What to do: Having found the line containing "Image showing Smiling boy outdoors" in the records below, copy that line and each later one exactly, dropping pictures.

(Short web captions)

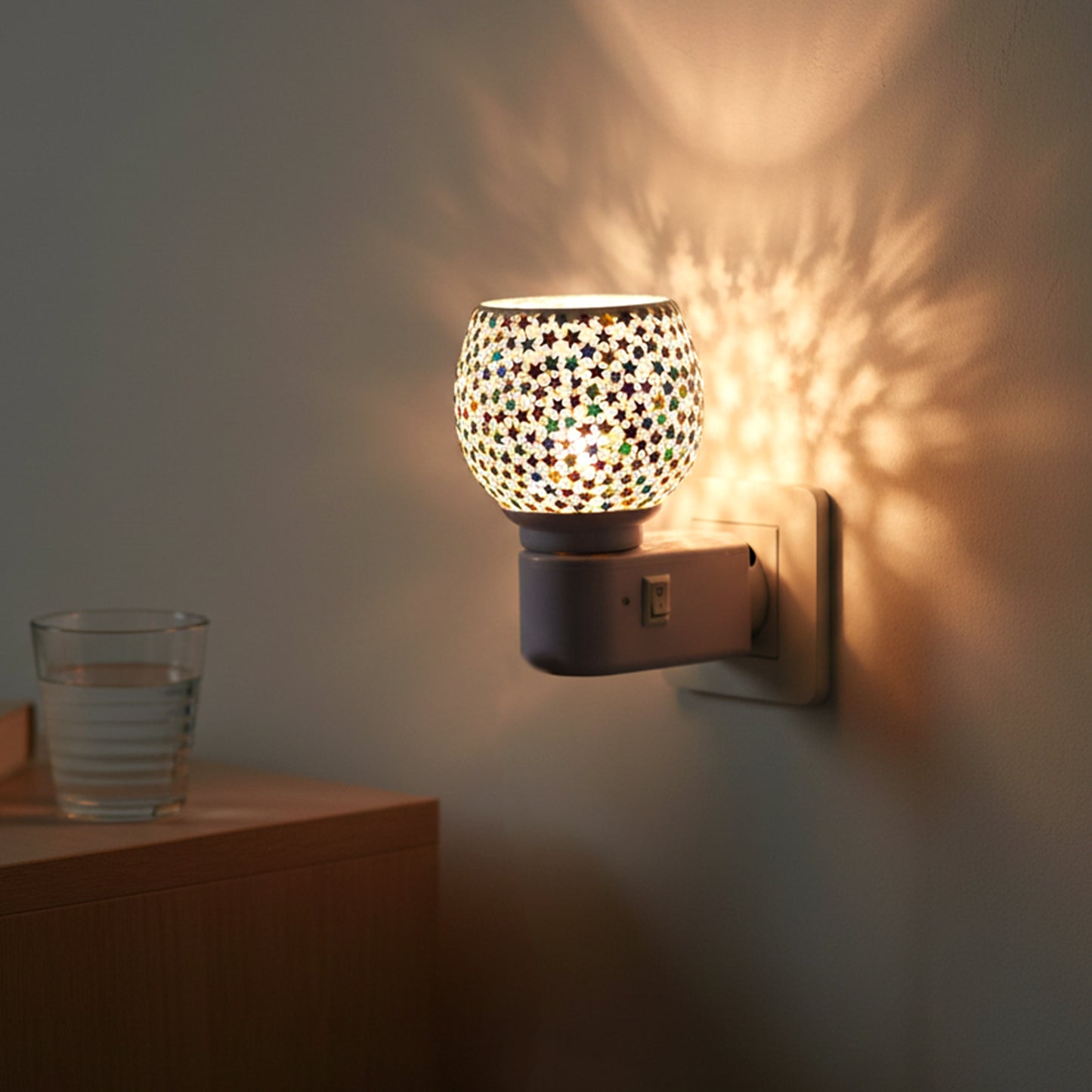 Wukusy decorative star pattern mosaic glass plug-in night lamp showcasing colorful star designs on a clear glass surface.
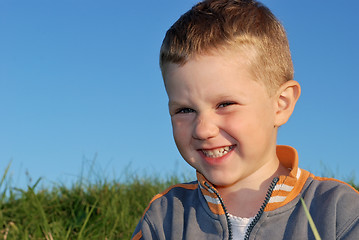 Image showing Smiling boy outdoors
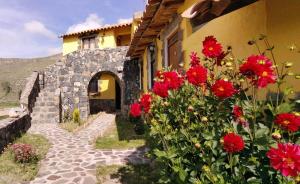 Lodge Mirador San Antonio- Colca في Coporaque: مبنى أمامه زهور حمراء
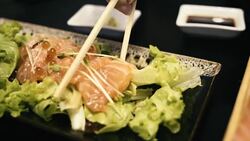 Girl Hand eating Salmon salad Stock Footage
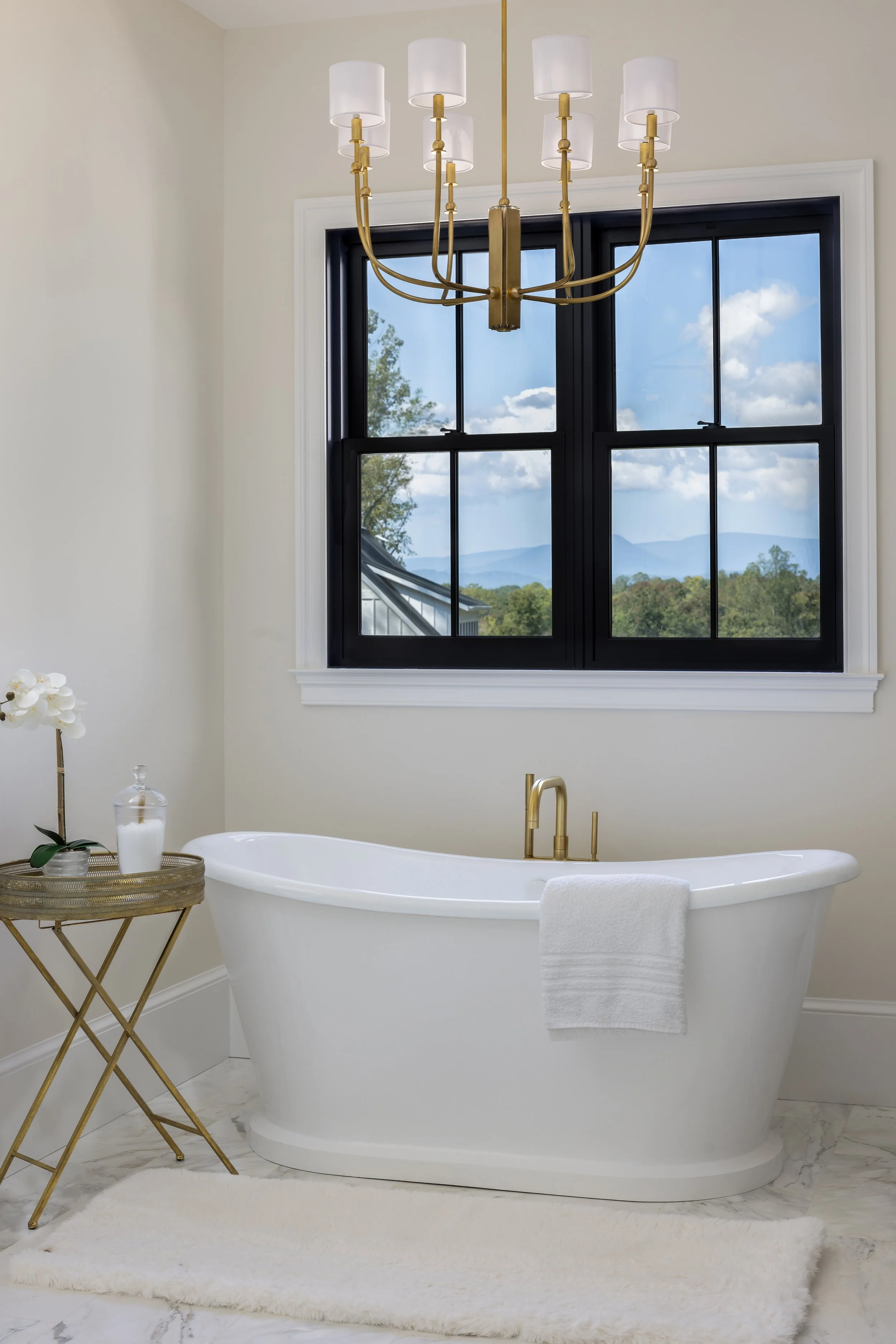 A modern bathroom with a white bathtub, gold fixtures, a large black-framed window showing a mountain view, a gold chandelier with white lampshades, a side table with a plant and decorative items, and a white shaggy rug.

Answer:
 Image showing Smiling boy outdoors
 Lodge Mirador San Antonio- Colca في Coporaque: مبنى أمامه زهور حمراء
 Girl Hand eating Salmon salad Stock Footage
 A modern bathroom with a white bathtub, gold fixtures, a large black-framed window showing a mountain view, a gold chandelier with white lampshades, a side table with a plant and decorative items, and a white shaggy rug.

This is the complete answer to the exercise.